“Guitar Noir” - Steve Hackett’s new album reviewed by Alan Hewitt.

By now you will hopefully have both heard Steve’s new album and seen him in concert at a venue near you. |It was unusual for me this time to actually hear a new album “in concert” before listening to the studio versions which only confirmed my opinion.

This is Steve’s first new studio album in five years and as such it is obvious from the start that great deal of time and effort has been expended on it, no matter what the Q reviewers say about it! The time between albums has not been wasted, as Steve explains in the interview later in this issue, but for now, on with the review….
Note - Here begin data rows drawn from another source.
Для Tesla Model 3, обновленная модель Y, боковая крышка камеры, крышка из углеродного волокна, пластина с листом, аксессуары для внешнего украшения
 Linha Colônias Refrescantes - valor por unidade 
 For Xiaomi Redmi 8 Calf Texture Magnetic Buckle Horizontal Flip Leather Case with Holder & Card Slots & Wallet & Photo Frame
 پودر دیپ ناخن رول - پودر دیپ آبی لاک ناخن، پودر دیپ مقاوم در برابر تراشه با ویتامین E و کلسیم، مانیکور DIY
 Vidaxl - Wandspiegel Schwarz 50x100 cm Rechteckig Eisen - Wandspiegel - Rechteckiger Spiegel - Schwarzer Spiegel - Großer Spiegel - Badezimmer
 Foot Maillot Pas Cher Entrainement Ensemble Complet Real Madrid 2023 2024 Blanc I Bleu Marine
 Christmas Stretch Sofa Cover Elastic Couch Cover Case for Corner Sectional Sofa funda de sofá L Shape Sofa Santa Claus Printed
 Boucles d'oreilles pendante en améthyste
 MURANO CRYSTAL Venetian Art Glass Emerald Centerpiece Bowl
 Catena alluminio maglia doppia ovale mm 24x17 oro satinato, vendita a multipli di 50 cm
Take These Pearls opens the album, and the first thing I noticed was how much Steve’s vocals have improved - they are string and confident and compliment the beautiful guitar and keyboard work - an excellent opener. The ominously titled Dark As The Grave follows and is exactly as the sleeve notes describe; a cynical look at the human condition, once again with greatly improved vocals and bitingly cynical lyrics which mark Steve’s change of direction in writing from the inside out and brilliantly about things that concern him and actually SAY something. I can fully appreciate the sentiments in lyrics like… “As the crowd of mourners said: tragedy is nothing new” especially when we are confronted by it every day on TV.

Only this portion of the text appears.